Top of Available data

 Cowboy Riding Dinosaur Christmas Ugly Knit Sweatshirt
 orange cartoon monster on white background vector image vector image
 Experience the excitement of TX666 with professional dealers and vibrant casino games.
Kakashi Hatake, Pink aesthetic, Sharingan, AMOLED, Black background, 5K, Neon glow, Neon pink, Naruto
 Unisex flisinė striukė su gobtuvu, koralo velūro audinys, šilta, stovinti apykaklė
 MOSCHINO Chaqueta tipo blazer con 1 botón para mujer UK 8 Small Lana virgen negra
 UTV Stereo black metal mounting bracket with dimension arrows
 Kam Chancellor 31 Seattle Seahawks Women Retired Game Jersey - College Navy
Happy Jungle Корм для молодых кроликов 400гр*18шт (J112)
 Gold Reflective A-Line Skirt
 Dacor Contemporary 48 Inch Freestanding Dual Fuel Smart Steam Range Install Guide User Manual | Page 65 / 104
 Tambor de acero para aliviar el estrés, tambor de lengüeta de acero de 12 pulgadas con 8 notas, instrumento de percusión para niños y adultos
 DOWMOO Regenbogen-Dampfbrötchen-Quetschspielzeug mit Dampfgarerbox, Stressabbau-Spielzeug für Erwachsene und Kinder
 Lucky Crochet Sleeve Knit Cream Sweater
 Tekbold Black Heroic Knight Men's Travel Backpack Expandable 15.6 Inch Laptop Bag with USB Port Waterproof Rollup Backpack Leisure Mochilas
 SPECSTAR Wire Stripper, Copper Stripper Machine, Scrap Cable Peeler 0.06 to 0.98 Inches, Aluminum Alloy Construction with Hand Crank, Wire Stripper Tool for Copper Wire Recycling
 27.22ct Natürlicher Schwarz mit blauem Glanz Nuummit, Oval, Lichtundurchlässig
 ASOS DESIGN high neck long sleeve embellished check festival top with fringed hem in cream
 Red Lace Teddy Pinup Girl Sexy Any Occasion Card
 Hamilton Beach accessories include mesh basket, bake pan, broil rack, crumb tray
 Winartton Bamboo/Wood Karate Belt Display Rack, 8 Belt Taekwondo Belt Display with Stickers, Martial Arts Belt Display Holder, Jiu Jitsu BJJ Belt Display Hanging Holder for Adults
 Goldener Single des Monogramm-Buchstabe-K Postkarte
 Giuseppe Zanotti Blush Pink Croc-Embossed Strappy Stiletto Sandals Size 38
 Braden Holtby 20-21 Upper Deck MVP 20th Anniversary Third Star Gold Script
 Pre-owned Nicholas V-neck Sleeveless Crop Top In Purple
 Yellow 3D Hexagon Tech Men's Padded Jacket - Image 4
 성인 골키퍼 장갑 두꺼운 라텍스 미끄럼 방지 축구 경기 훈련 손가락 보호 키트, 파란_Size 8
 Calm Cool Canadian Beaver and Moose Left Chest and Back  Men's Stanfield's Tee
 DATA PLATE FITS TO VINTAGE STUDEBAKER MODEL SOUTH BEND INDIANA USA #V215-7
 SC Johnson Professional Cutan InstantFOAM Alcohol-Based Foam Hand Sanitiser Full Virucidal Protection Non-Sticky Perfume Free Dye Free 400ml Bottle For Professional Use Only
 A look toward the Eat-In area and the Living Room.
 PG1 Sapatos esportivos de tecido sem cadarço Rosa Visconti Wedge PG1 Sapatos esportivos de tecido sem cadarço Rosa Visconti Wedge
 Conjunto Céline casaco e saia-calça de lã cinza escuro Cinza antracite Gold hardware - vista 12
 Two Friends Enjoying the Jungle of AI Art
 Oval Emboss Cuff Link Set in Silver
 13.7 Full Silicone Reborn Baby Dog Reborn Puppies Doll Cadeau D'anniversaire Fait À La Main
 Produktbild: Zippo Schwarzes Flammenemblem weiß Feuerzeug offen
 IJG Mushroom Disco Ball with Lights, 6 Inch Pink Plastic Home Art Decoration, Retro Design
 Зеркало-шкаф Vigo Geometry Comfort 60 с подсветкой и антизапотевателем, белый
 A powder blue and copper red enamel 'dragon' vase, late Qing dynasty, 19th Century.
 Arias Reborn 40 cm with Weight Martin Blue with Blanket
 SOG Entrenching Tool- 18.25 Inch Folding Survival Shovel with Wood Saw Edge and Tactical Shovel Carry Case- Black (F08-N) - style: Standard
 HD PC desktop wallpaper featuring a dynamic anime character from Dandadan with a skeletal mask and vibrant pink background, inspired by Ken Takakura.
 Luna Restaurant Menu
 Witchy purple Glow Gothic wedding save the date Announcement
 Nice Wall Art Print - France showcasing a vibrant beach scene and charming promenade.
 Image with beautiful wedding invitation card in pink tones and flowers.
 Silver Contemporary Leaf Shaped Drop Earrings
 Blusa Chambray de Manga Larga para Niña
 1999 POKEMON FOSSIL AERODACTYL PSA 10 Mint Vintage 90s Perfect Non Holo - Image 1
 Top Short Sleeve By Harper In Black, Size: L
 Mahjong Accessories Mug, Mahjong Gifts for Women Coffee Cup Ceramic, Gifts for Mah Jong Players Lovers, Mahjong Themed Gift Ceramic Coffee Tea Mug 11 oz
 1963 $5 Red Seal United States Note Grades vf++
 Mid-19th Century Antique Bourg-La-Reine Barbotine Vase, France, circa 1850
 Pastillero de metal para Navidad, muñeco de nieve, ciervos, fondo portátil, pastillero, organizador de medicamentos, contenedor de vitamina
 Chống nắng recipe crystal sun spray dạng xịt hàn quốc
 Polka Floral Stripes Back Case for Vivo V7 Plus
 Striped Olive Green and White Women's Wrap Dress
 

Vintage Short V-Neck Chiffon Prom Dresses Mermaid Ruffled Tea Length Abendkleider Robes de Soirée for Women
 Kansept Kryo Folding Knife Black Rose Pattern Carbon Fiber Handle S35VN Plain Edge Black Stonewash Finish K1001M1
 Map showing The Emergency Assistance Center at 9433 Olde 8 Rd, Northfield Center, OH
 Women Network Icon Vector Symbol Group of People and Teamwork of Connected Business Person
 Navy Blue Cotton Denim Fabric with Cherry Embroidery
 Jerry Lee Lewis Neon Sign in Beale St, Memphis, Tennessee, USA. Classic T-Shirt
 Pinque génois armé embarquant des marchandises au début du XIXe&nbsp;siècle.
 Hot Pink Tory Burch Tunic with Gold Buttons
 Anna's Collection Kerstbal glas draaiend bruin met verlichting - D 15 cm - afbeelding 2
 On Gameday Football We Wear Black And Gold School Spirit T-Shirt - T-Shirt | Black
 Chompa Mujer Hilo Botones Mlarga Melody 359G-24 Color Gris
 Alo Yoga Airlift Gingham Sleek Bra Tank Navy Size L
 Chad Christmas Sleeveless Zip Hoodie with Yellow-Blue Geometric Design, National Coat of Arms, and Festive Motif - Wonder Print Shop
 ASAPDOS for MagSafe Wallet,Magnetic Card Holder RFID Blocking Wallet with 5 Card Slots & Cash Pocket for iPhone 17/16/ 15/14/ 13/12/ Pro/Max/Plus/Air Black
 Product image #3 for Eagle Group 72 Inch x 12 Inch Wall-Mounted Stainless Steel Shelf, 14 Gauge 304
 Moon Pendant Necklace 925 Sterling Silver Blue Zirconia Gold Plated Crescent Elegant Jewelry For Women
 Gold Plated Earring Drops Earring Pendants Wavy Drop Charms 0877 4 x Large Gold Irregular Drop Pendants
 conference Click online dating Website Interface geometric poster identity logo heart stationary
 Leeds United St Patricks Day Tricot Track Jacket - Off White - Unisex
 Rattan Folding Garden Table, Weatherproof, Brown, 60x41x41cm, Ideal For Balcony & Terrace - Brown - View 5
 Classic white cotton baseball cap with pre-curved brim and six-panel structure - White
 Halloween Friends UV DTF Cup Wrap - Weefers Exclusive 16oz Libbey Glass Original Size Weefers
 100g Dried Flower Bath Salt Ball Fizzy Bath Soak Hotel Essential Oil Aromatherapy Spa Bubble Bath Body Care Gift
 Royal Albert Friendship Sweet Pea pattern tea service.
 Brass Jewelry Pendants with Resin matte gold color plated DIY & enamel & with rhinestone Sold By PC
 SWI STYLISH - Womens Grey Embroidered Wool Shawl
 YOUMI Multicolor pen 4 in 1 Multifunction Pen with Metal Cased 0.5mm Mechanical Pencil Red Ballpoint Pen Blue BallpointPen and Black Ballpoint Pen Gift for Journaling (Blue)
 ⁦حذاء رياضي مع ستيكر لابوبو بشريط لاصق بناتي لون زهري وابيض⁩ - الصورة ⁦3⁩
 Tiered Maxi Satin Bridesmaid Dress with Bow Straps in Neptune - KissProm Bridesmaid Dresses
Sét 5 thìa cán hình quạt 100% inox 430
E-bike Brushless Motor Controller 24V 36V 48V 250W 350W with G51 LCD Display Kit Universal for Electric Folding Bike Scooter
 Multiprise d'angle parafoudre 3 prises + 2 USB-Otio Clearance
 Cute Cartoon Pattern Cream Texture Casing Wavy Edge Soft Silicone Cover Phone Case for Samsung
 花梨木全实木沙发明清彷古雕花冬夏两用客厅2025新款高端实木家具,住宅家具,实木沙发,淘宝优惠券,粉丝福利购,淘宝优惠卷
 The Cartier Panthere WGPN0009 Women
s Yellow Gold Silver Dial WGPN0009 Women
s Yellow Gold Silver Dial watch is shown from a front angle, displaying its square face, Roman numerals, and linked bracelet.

Bottom of Available data

Assigned task. Taking the entries above, restate exactly those lines that fall between the line with "orange cartoon monster" and the line with "UTV Stereo black", keeping both of those lines too.

Answer below.
 orange cartoon monster on white background vector image vector image
 Experience the excitement of TX666 with professional dealers and vibrant casino games.
Kakashi Hatake, Pink aesthetic, Sharingan, AMOLED, Black background, 5K, Neon glow, Neon pink, Naruto
 Unisex flisinė striukė su gobtuvu, koralo velūro audinys, šilta, stovinti apykaklė
 MOSCHINO Chaqueta tipo blazer con 1 botón para mujer UK 8 Small Lana virgen negra
 UTV Stereo black metal mounting bracket with dimension arrows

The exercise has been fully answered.